Two million children are virtually enslaved in our cotton mills, coal mines and sweat-shops over the breadth and length of our country—two million little ones!
At the same time that thousands of children in our city enjoyed their Christmas vacation and rejoiced over their newly acquired presents, two million children of the same tender age, of the same Caucasian race and citizens of the same prosperous land, were pining away in the dark subterranean caves of the coal mines in the east, in the dangerous cotton mills and tobacco factories of the south and the sweat-shops everywhere.
Two million souls are annually sacrificed to commerce and to greed. Parents do not get sufficient to keep the souls and bodies of their little ones together. Mothers must leave their suckling babes to seek for their livelihood, and these infants, in turn, if they survive until they are six, must begin the battle of life on their own account.
The United States Census of 1910 gives the total number of mine-workers under sixteen years of age in 1909 as 8,151, of whom 3,117 were working below ground and 5,034 above ground. The number of wage-earners under sixteen years of age in manufacturing industries is stated as 161,493; and it is shown that the percentage of workers under sixteen to the whole number of workers in these industries fell from 3.4 per cent. in 1899 to 2.9 per cent. in 1904 and 2.4 per cent. in 1909. Figures concerning sweat-shops are not given.

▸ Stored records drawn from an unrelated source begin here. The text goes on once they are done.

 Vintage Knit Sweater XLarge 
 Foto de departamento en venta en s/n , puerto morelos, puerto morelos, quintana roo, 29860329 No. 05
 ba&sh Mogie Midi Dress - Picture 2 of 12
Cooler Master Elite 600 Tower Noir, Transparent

What we have before us, therefore, is a gross overstatement, on the face of it; after making all possible allowance for false returns of age in the census, it is evident that, merely as a matter of the surface figures, the case is enormously exaggerated. But this is not all. The impression is always sought to be conveyed that these two millions are, in large part at least little children; whereas even of the (say) two hundred thousand workers under sixteen who are actually "linked to the belts of factories and mills," and of the (say) four thousand who are laboring "in the dark subterranean caves of the coal mines," it is obvious that only a small fraction can be under fourteen. That there ought not to be a single one may be true enough; but unless we are to throw reason overboard altogether, we must make a distinction between a question concerning a few hundreds, or a few thousands, of little children, and one concerning two million. And these very agitators do recognize the distinction; else why make all this noise about the figures? Driven into a corner, they would doubtless fall back on the iniquity of having even a single child in all the land deprived of its birthright of happiness; but in the meanwhile they work the two million for all it is worth. As for the violation of the Ninth Commandment, the true Progressive, whether Christian or Jew, presumably finds in the principles of the New Morality ample exemption from any acute pangs of conscience on that score.

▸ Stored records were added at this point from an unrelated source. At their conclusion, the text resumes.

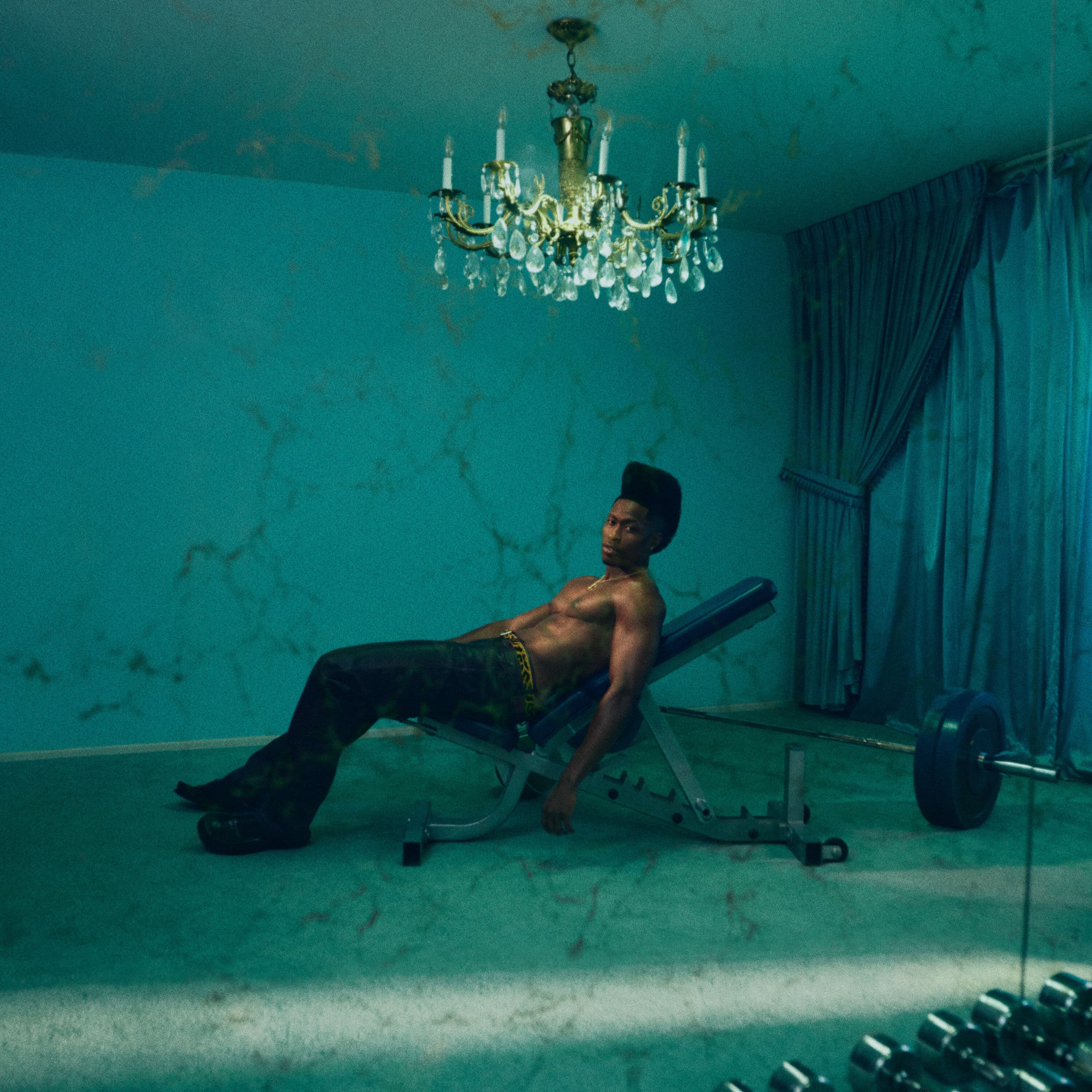 Lyric cover art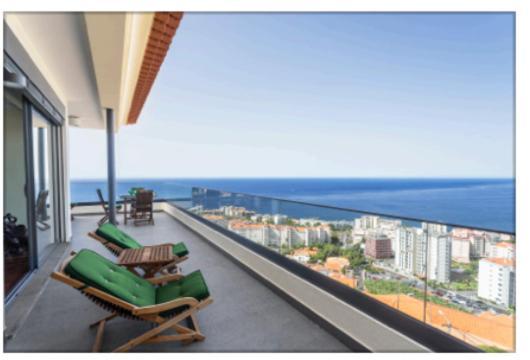 푼샬 The View Madeira 빌라 외부 사진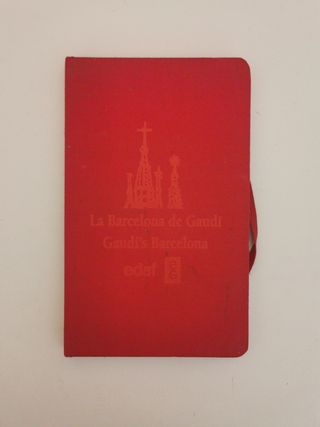 La Barcelona de Gaudí.  español/English Tate Cabré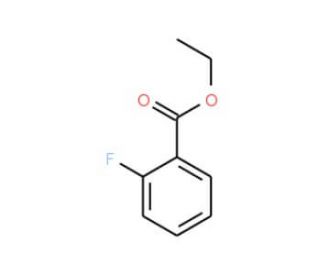 Ethyl 2-fluorobenzoate (CAS 443-26-5) - chemical structure image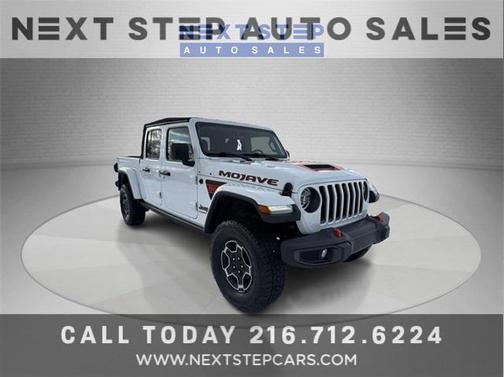 2022 Jeep Gladiator Mojave 4x4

In the early part of the year 1910, the Consumers' League of New York obtained permission from the American Magazine to reprint as a leaflet a little article of two pages which had appeared in the January number of that periodical under the title Some Dangers from High Prices. The article which the excellent persons who conduct the work of that League considered so important a document was devoted in the first place to a very precise account of what had happened in a certain restaurant with which the writer was familiar, and which was frequented in part by shop-girls; and secondly to the issuing of a most solemn and tragic warning as to what this country was threatened with as a consequence of the situation which this happening indicated. This is the experience:
Five and six years ago I used to go to a restaurant which fed about three hundred shop-girls a day.... I used to write down what they could get for 15 cents. Here are three dishes each of which then cost 15 cents. Two eggs on toast, with bread; a nice little meat pie, hot and appetizing; chicken on toast with a rice border. The chicken was all dark meat, to be sure, but it was meat and the rice border was generous. In short, in that restaurant six years ago there was for 15 cents honest nourishment fitted to build up an honest constitution such as the trunk class of America ought to have. And in the long run those girls chose the nourishing food. Two years ago a change came. I noticed a habit of lunching off a potato salad. I soon saw the reason. The little meat pie had moved up to 25 cents, the chicken on toast to 30 cents. Potato salad, one of the girls told me, was the only "interesting" thing left for 15 cents. Going there last September I said to one of the waitresses:
"What are these girls eating now?"
"Ah," she sighed, "it is dreadful! They ought not to pay more than 15 cents; so many of them just have griddle cakes, or sweets and coffee. They can have two cream cakes and coffee or an eclair and coffee for 15 cents."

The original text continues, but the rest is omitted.